LOL! Well, what can I say. For folks in Eastern NC who pour vinegar over a piece of pork and call it BBQ you certainly don't know your Southern cooking. LOL Just kidding.

I do come from strong Southern roots, with some Cajun thrown in. Let's see - growing up I moved throught the South, Born in Huntsville, AL w/granparents in Mobile, AL & Meridian, MS. Lived in Merritt Island, FL (Mom worked at the Cape for NASA); Metairie (suburb of New Orleans), LA (Cajun influence & greatest place to ever live); Sierra Vista, AZ; Irving, TX; Little Rock, AR; back to Metairie; Atlanta, GA (stayed around there 22 yrs); Columbia, SC; and finally Concord, NC. So except for less than a year in AZ it's all been various Southern territories & food.

If you can ever find a Chitlin' Strut, you should attend. Best place to grab a tasting of all kinds of deep Southern delicacies. Just give it a try; you'll enjoy it.

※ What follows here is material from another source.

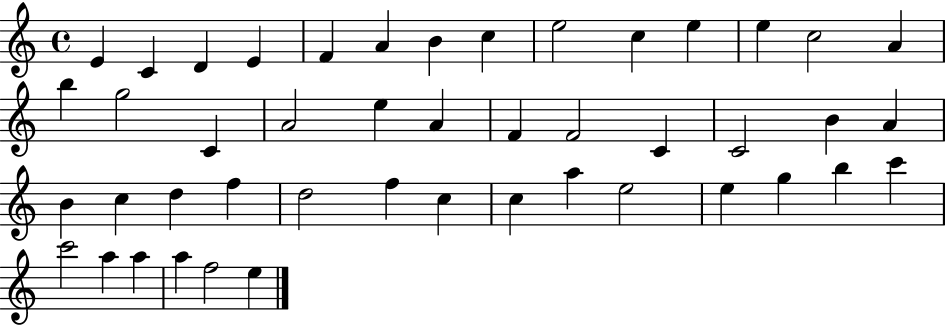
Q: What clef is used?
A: treble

Ya'll come back now, ya hear! LOL


----------



## Dr. Syn (May 29, 2003)

You've defintely toured the south more than me. I've visited poeple thru the lower southern states but never spent much time there - not long enough to eat all the strange stuff. I guess I'm a northern southerner up here in Raleigh. I am pretty picky about my BBQ though!


----------